Le camion de distribution du New York Times. Crédit : ChameleonsEye/Shutterstock

L’assaut en 18 parties du Times contre les yeshivahs illustre le déclin de son éthique journalistique et sa dérive antisémite

Peu de membres du grand public accordent beaucoup d’attention aux prix Pulitzer. Comme la plupart de ces concours, ils sont subjectivement décidés et en disent souvent plus sur la mode intellectuelle que sur l’excellence dans le journalisme et les catégories artistiques dans lesquelles ils sont récompensés. Ils sont également régulièrement dominés par les plus grands journaux qui, surtout ces dernières années, ont tendance à être les seuls à avoir les ressources nécessaires pour financer les enquêtes à grande échelle et de longue date qui sont largement considérées comme des appâts Pulitzer.

Bien qu’en avoir un soit un point culminant de tout curriculum vitae, les Pulitzers dont on se souvient le plus ont tendance à être les plus controversés.

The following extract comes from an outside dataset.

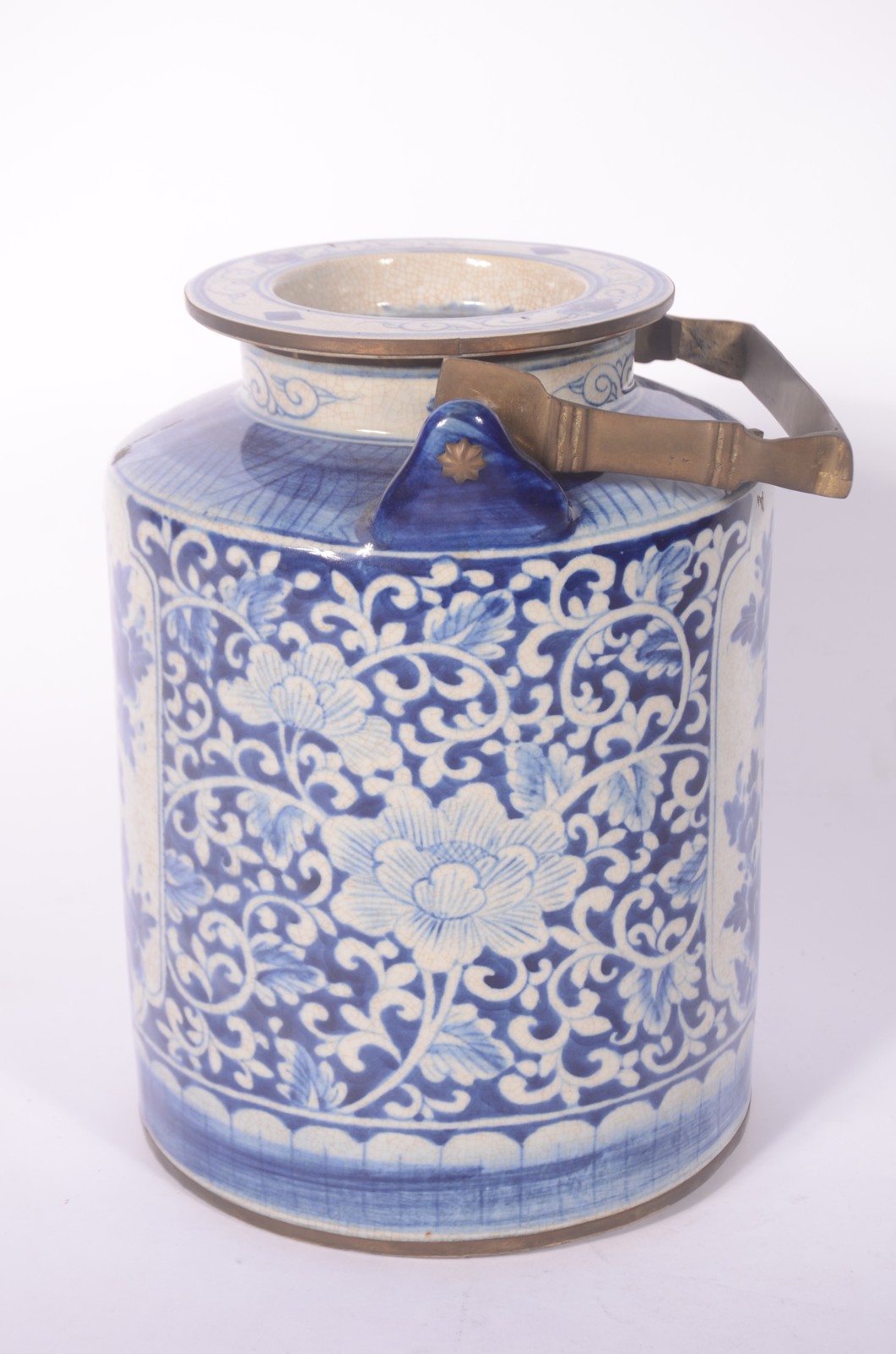 Grande chaleira decorativa de porcelana oriental em tons de azul e... - foto 5 de 8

Le prestigieux organisme est peut-être sur le point de lancer un autre scandale le 7 mai, lorsqu’il devrait annoncer que le Pulitzer pour le journalisme d’investigation sera remis au New York Times pour sa série en 18 parties sur les yeshivahs hassidiques dans l’État de New York.

Une plongée profonde sans précédent dans le réseau des écoles ultra-orthodoxes donne, à première face, l’image d’une enquête légitime. La série a commencé par un article sondant si les élèves étaient privés de l’éducation laïque de base dans des matières comme l’anglais et les mathématiques qui pourraient leur permettre de subvenir à leurs besoins ou de fonctionner en dehors des enclaves dans lesquelles ils vivent.

Comme je l’ai écrit lorsque la série a commencé en septembre dernier, la question des normes éducatives adéquates dans ces écoles est légitime.

Cependant, il est vite devenu évident que le Times s’intéressait à autre chose qu’à cette question sensible. Même le côté initial – auquel le journal a consacré d’énormes ressources en termes de temps accordé aux journalistes (deux journalistes ont passé une année entière à produire le rapport avec l’aide de moult chercheurs), l’espace et même la publication d’une édition spéciale yiddish du récit – semblaient dépasser ladite préoccupation.

Au lieu de cela, le NYT a introduit des récits douteux sur les châtiments corporels dans les yeshivahs ainsi que des indices sur d’éventuels comportements corrompus de la part des responsables scolaires et des dirigeants communautaires visant à arnaquer le public laïque. Le titre de l’article de première page a éditorialisé sur le sujet en proclamant : « Dans les enclaves hassidiques, les écoles privées partent à la chasse d’argent public ».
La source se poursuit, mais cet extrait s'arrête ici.